Unterkunft: Camp(13.09.2008)

Meine Erfahrung in Fahrradreparaturangelegenheiten hält sich ebenso wie mein handwerkliches Geschick in Grenzen. Ein Speichenwechsel am Hinterrad auf der Zahnkranzseite ist für mich so etwas ähnliches wie eine komplizierte Operation an lebenswichtigen Organen.

Der Eingriff will gut vorbereitet sein. Zunächst muss ich ausgeruht sein und der Behandlungsort muss geschickt gewählt werden. Neben dem mitgeführtem Werkzeug brauche ich Zugriff auf zusätzliches Operationsbesteck. Daneben ist es von enormer Wichtigkeit, dass ich im schlimmsten Fall Hilfe von Experten bekommen kann.

Schon gestern Abend habe ich mich auf dem Campingplatz in Brønnøysund einquartiert und nach einem sehr entspannendem Abend in der lokalen In-Kneipe, fühle ich mich heute bereit dazu den Eingriff zu wagen.

Zunächst muss die Cassette runter, da man andernfalls die Speiche nicht eingefädelt bekommt. Rad und Zahnkränze müssen festgehalten werden während man den Verschlußring losdreht. Das Rad fixiere ich mit stabilem Blumendraht an einer Bank. Die Fahrradkette eignet sich gut zum festhalten der Zahnkränze, wenn man sie ebenfalls mit Blumendraht an der Bank fixiert. Wirklich stabiler Blumendraht. Der „Blumendraht“, den ich hier bekommen habe ist fast so dick wie eine meiner Speichen…. also Blumendraht für große Blumen.

Den großen Schraubenschlüssel, die Bank und den Blumendraht hat mir übrigens feundlicherweise  der Campingplatz zur Verfügung gestellt. Ich habe nur den kleinen Zahnkranzabzieher dabei, der mit dem Schraubenschlüssel gedreht werden muss.
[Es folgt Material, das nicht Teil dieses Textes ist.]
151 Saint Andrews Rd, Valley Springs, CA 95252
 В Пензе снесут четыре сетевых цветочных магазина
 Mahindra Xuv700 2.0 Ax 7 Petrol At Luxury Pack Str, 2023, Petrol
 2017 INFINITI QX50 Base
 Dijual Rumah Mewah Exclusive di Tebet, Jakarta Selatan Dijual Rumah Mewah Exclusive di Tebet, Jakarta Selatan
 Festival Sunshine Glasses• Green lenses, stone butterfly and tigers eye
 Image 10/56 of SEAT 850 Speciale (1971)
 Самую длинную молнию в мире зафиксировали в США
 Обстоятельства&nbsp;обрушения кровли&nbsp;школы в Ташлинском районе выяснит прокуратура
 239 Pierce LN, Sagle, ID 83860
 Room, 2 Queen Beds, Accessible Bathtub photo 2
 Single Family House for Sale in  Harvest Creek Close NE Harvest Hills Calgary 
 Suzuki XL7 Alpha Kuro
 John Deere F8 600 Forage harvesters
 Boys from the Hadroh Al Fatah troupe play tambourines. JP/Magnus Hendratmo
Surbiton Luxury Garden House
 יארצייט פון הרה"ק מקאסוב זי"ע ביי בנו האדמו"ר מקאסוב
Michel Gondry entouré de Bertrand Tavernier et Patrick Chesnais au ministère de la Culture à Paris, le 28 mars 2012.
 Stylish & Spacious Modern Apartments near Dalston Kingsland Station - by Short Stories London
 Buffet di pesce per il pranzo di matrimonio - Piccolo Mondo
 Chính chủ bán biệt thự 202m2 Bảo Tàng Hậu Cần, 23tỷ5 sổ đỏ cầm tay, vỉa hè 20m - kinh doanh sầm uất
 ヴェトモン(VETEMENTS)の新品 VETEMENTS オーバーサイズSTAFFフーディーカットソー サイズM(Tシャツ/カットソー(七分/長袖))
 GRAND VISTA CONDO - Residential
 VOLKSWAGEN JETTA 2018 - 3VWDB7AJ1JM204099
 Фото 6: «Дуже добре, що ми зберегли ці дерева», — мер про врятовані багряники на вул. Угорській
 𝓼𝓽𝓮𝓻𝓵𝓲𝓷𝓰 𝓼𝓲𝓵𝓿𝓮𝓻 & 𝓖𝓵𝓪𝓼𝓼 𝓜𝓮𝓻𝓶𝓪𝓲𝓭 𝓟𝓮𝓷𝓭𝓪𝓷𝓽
Für mich, ein Moment der Freude. Es funktioniert, die Cassette ist ab und jetzt lässt sich auch leicht die Speiche entfernen. Es ist übrigens tatsächlich nur eine Speiche gerissen. Bisher sind mir Speichen immer paarweise gerissen.

Die Ersatzspeichen transportiere ich im Sattelrohr. Da ich vermeiden wollte, dass die Speichen darin herumklappern habe ich sie mit einem Stück Stoff umwickelt und den Stoff verknotet. Der Stoffknoten sitzt fest im Sattelrohr, so kann da nichts wackeln und klappern. Um die Speichen leicht wieder herauszubekommen, habe ich ein Band an die Speichen gebunden. Dieses Band muss ich jetzt nur nehmen und die Speichen, die mit ihrem Stoffknoten wie ein Pfropfen im Sattelrohr sitzen herausziehen.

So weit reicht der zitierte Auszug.